Abstract:
Cloud computing is the most demanding technology and is widely used all over the world. It provides on-demand services to industries and individual consumers. It includes the capability of a cloud in providing infrastructure-as-a-service (IaaS) where organizations shift their whole business to a virtual environment and pay the cloud service provider (CSP) rent for their services. Other than potential users attackers have also started using cloud services to launch massive attacks and committing cybercrimes.
Digital forensic experts use a traditional approach where investigator collect the evidence from the resources having physical access of particular source. In the case of cloud computing data is being stored on remote servers within the different jurisdiction where they have no physical access to servers, logs and to the data. This makes a great challenge for forensic experts in acquiring the evidence to solve a particular case. For this scenario, an investigator needs to collaborate with the service provider for the acquisition of data. Also, the verifiable chain of custody which will be presented to the court becomes a challenge.

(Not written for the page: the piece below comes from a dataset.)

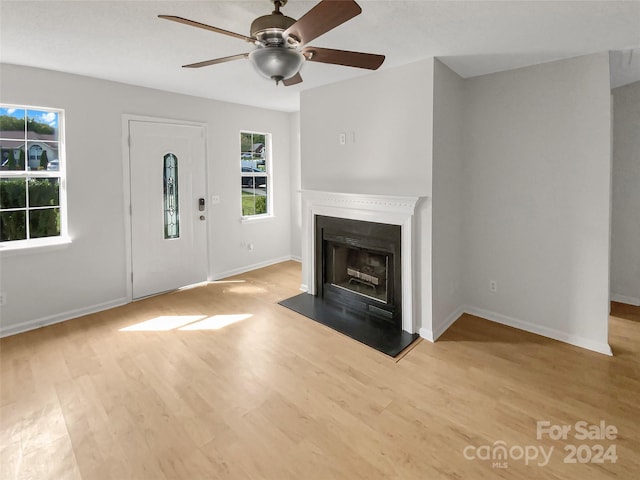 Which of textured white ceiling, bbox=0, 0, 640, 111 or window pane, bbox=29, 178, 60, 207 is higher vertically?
textured white ceiling, bbox=0, 0, 640, 111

Considerable work has been proposed over the last few years on evidence acquisition in cloud infrastructure, however verifiable chain of custody in the cloud is still an issue. Existing literature explains about evidence acquisition from remote places in the cloud and they focused on discussing the future perspective of maintaining chain of custody. Researchers have an emphasis on working in this domain but few have presented the methodology in this regard.
In this thesis, we have proposed a framework which will provide a solution to acquire the evidence from the cloud and will also provide the chain of custody. The evidence acquisition activity will be performed by the organization and will be forwarded to the forensic investigators with a complete chain of custody which can be trusted and can be presented in a court of law.